The users of a document are important for the layout of the document. What do the users expect in a manual? They want to find the information they need for performing their job quickly. Hence, the information should be structured according to the flow of their job. And since these engineers read various process descriptions of a subject area, they want to find their information at exactly the same spot in every manual.
The process manual must thus have a fixed layout and every manual in the same subject area must have the same layout. Each subject area has its own requirements and thus each subject area will likely have its own layout. The same layout in turn makes maintenance easier, users know how to explain the location of their comments and the writer quickly knows about what the user complains. Focused changes are possible.

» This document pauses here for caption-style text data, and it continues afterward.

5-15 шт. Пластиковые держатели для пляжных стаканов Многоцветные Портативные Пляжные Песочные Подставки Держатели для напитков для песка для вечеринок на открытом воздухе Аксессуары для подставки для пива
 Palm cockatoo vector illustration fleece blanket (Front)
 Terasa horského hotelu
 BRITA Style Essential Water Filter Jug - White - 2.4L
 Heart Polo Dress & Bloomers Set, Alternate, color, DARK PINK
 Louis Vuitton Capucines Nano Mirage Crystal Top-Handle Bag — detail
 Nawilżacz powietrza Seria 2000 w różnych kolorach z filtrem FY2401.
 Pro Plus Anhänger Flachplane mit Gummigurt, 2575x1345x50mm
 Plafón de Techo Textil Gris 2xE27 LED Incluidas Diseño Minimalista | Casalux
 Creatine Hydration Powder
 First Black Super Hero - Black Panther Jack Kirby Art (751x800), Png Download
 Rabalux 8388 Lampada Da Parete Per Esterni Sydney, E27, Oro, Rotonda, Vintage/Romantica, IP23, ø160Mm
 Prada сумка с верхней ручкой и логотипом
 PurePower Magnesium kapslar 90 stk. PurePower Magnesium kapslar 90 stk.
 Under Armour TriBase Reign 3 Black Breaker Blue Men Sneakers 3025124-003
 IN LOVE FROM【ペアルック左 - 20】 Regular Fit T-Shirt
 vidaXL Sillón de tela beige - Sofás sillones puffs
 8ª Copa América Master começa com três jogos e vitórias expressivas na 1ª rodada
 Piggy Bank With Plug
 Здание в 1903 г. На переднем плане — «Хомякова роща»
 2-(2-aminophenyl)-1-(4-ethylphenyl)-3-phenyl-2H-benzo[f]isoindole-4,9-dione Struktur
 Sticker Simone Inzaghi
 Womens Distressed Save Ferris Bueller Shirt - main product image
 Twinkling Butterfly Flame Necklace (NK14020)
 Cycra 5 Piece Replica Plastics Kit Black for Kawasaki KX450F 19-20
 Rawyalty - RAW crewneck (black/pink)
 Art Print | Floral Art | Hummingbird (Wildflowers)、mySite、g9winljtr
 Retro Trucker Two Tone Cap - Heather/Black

Trainings and Systematic Documentation Processes
Albert's career took a turn into writing trainings. The process industry for which he wrote the trainings has a high demand on training as processes in each industry and company are highly different. The tasks executed in the process industry invariably involve machines and strict requirements about safety. The trainings must reflect this and thus a systematic documentation process is required.
A training must be created from a deep understanding of the user's job, what the purpose is and what the order of tasks is. Whether this job is highly regulated such as a process engineer or less regulated such as a cashier, rules apply. The next step is to determine how the rules apply to the job. By the end of the training, the trainee must thoroughly understand job tasks, rules and expectation. The trainee's understanding must be checked regularly throughout the training.
User Manuals and Documentation Tools
With past experience, the change from developing trainings to writing software manuals was a logical next step. Every software program must be accompanied by a user manual. Users should not be left experimenting with the software, not only to make sure the software does what it is supposed to do, but also to avoid user frustration. User manuals must help create user appreciation of the software. For this purpose documentation tools are available, tools to create the content and tools to create the physical documentation. Again, it all depends on the job and tasks of the user.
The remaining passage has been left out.